Weiter teilte das Weisse Haus mit, Biden habe seine Unterstützung für die Souveränität und territoriale Integrität der Ukraine bekräftigt. Er habe zur Deeskalation und zur Rückkehr zur Diplomatie aufgerufen.
Nach seinem Gespräch mit Putin wollte Biden sich mit der scheidenden Bundeskanzlerin Angela Merkel, dem französischen Präsidenten Emmanuel Macron, dem britischen Premierminister Boris Johnson und dem italienischen Ministerpräsidenten Mario Draghi beraten, wie das Weisse Haus mitteilte. Bei einem Gespräch am Vortag hätten die Verbündeten bereits vereinbart, «eng miteinander in Kontakt zu bleiben, um ein koordiniertes und umfassendes Konzept als Reaktion auf Russlands militärisches Aufrüsten an den Grenzen der Ukraine zu entwickeln».
Schon vor Bidens Schalte mit Putin hatten die USA der Regierung in Moskau im Fall einer militärischen Eskalation im Ukraine-Konflikt mit schwerwiegenden Konsequenzen gedroht. Die Kosten würden sehr hoch ausfallen, «sollte Russland sich für ein solches Vorgehen entscheiden», sagte ein US-Regierungsvertreter. Dann müsse Putin mit «erheblichen wirtschaftlichen Gegenmassnahmen sowohl der Europäer als auch der Vereinigten Staaten» rechnen.
Die Nato ist alarmiert wegen Berichten über mutmassliche Angriffspläne Russlands auf die Ukraine. Moskau hingegen weist den Vorwurf der Aggression zurück und beschuldigt im Gegenzug die Ukraine, mehr als 120 000 Soldaten an die Linie zu den ostukrainischen Separatistenregionen Donezk und Luhansk verlegt zu haben.

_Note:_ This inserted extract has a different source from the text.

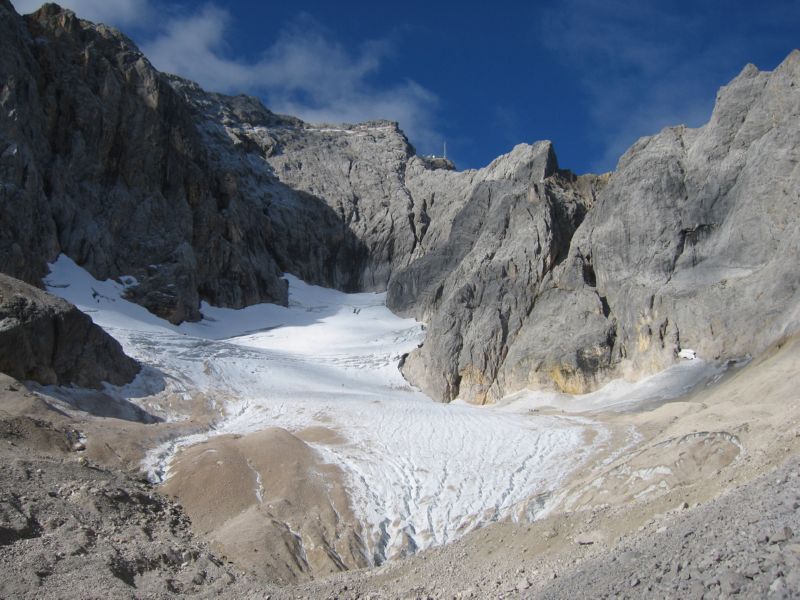 2009-09-06 Zug (14) Glacier and summit
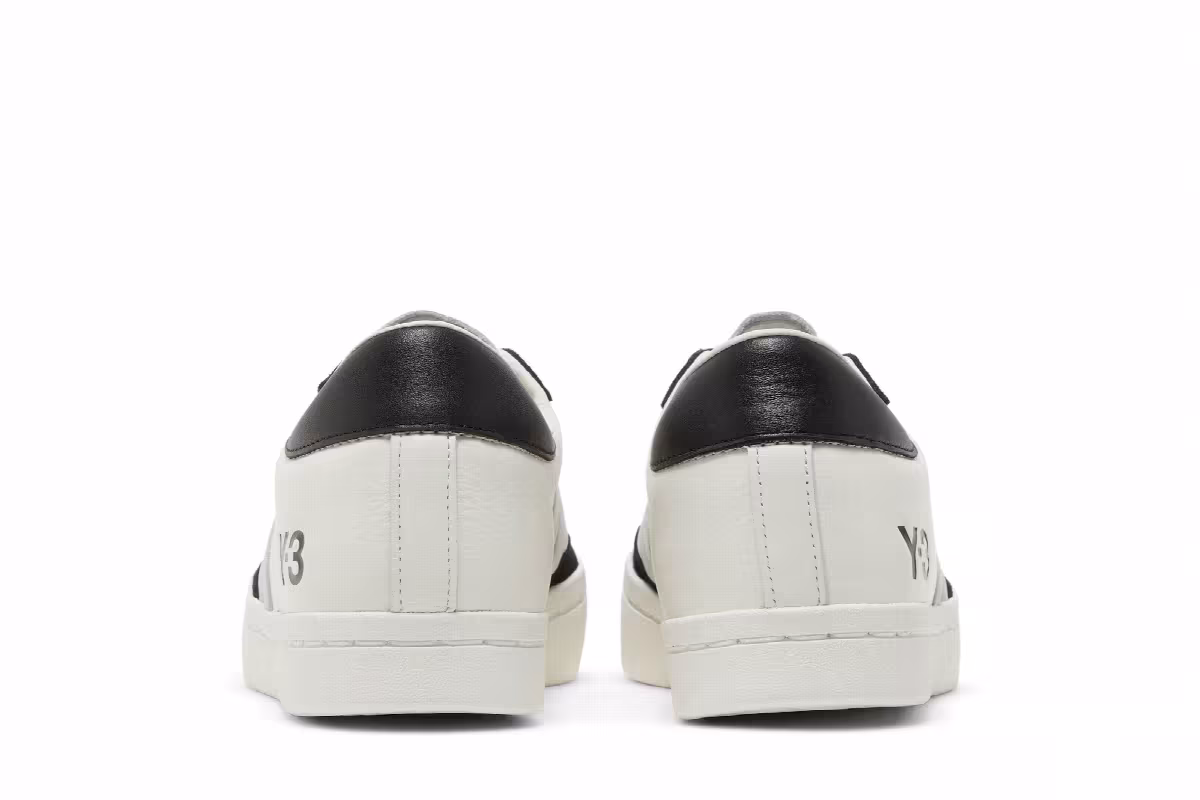 adidas Y-3 Yohji Star White Black, view 7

Während das Weisse Haus zunächst keine TV-Bilder von dem Gipfel verbreitete, zeigte das russische Staatsfernsehen Putin am Dienstag an seinem Schreibtisch vor einem Bildschirm. «Gut, Sie wieder zu sehen», sagte Biden zur Begrüssung. Leider sei der Kremlchef Ende Oktober nicht beim G20-Gipfel in Rom gewesen. Nächstes Mal wolle er Putin wieder persönlich treffen, sagte der US-Präsident.

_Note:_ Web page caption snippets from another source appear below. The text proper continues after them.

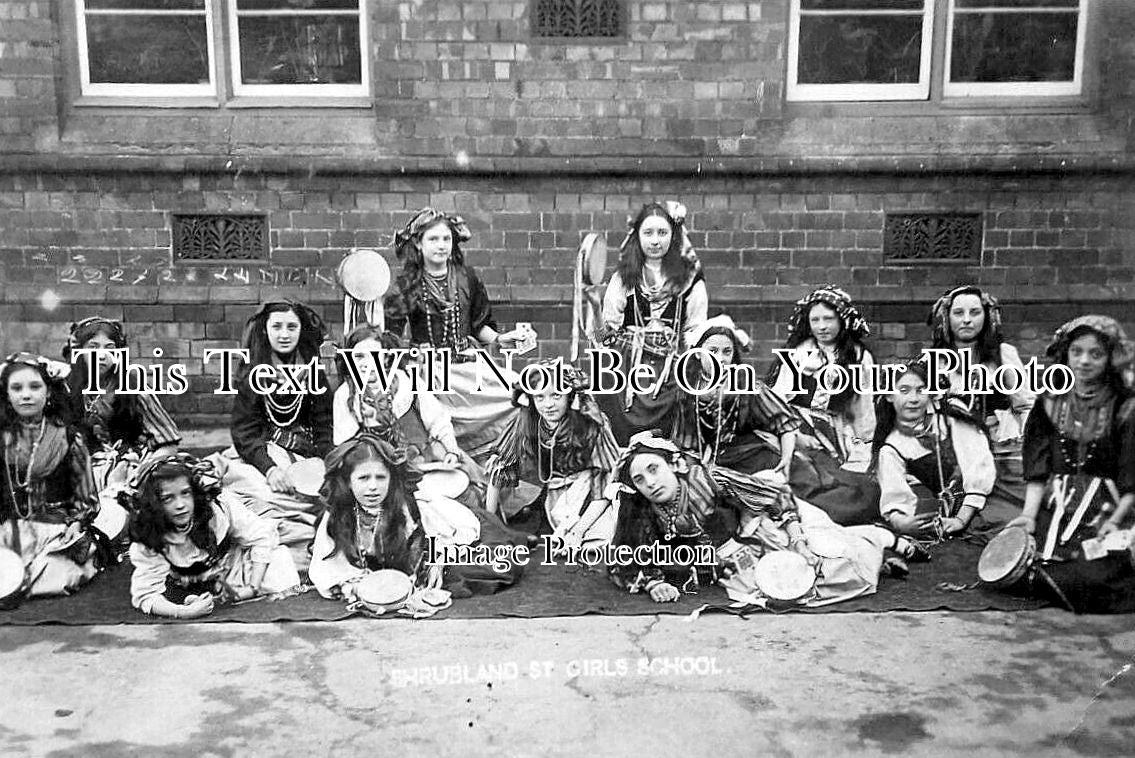 WA 2562 - Shrubland Street Girls School, Leamington Spa Music Festival 1912
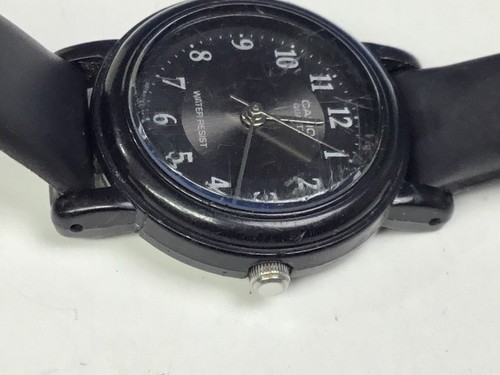CASIO L0-139 black water resistant ladies watch WORKING WELL - Picture 6 of 9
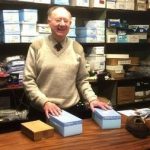 Fond farewells as Sandy Hunter decides to retire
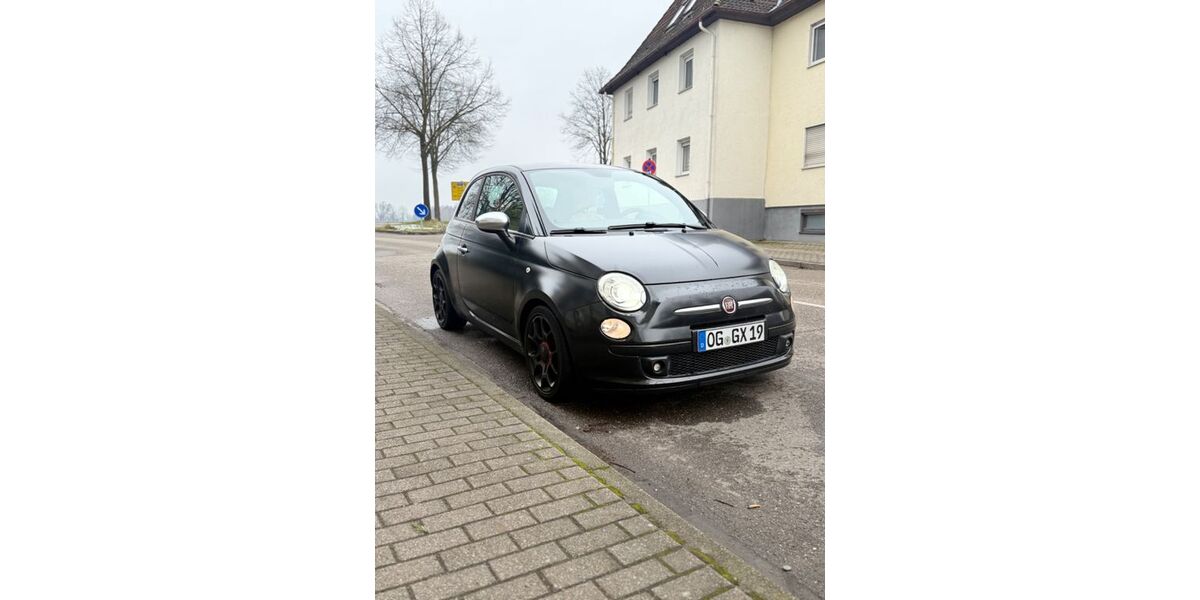 Fiat 500 118.500 km 7.999 &euro; Kehl 77694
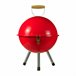 Barbacoa de Carbón Thinia Home Rojo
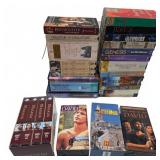 Religious VHS Lot: Bible Stories & Documentaries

Von dem Gipfel seien keine «Durchbrüche» zu erwarten, hatte Kremlsprecher Dmitri Peskow betont. Es handele sich um «ein Arbeitsgespräch in einer sehr schwierigen Zeit». Wenige Stunden vor der Schalte, die demnach über eine besonders geschützte und abhörsichere Leitung geführt wurde, waren mit Blick auf die Ukraine zudem noch einmal warnende Worte aus Moskau gekommen.

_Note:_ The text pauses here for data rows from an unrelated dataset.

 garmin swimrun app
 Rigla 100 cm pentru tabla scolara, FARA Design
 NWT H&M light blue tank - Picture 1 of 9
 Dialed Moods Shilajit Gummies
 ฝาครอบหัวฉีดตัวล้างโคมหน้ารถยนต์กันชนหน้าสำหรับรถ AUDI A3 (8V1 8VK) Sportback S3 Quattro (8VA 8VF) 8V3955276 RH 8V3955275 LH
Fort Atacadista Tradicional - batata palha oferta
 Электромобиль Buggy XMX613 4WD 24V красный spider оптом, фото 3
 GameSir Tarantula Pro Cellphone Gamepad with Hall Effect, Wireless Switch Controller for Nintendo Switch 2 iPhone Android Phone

«Russland hat nicht vor, irgendjemanden anzugreifen, aber wir haben unsere Befürchtungen und unsere «roten Linien"», sagte Peskow vor dem Videogipfel. In der vergangenen Woche hatte Putin erklärt, dass etwa die Verlegung von militärischer Nato-Infrastruktur in die Ukraine aus russischer Sicht eine solche «rote Linie» darstellen könnte. Der Kremlchef sprach sich für ein schriftlich vereinbartes Ende der Nato-Osterweiterung aus.
Der designierte deutsche Bundeskanzler Olaf Scholz zeigte sich besorgt über den russischen Truppenaufmarsch an der Grenze zur Ukraine. Sicherheit und Zusammenarbeit in Europa setzten Prinzipien voraus, die in der Entspannungspolitik ausgehandelt worden seien und bis heute fortwirkten, mahnte Scholz. «Dazu gehört die Unverletzlichkeit und Unverletzbarkeit der Grenzen.»
EU-Kommissionspräsidentin Ursula von der Leyen drohte Moskau mit weiteren Sanktionen. Die Europäische Union werde auf weitere Aggressionen Moskaus regieren, sagte sie. Bestehende Sanktionsregime könnten erweitert oder neue Strafmassnahmen ergriffen werden. Sie wolle noch einmal «die uneingeschränkte und unerschütterliche Unterstützung der EU für die Ukraine» unterstreichen. Derzeit seien es Russlands bewusste Entscheidungen und aggressive Handlungen, die die Sicherheit Europas weiter destabilisierten.
Der ukrainische Verteidigungsminister Olexij Resnikow warnte in einem Interview des US-Senders CNN, dass ein russischer Einmarsch in die Ukraine ein «wirklich blutiges Massaker» bedeuten würde. Moskau wiederum forderte von Kiew eine Garantie, die von den prorussischen Separatisten kontrollierten Gebiete im Donbass nicht anzugreifen. Im Falle eines Angriffs durch die Ukraine sähe Russlands Militärdoktrin klar einen Einmarsch vor – weil im Donbass auch viele russische Staatsbürger leben.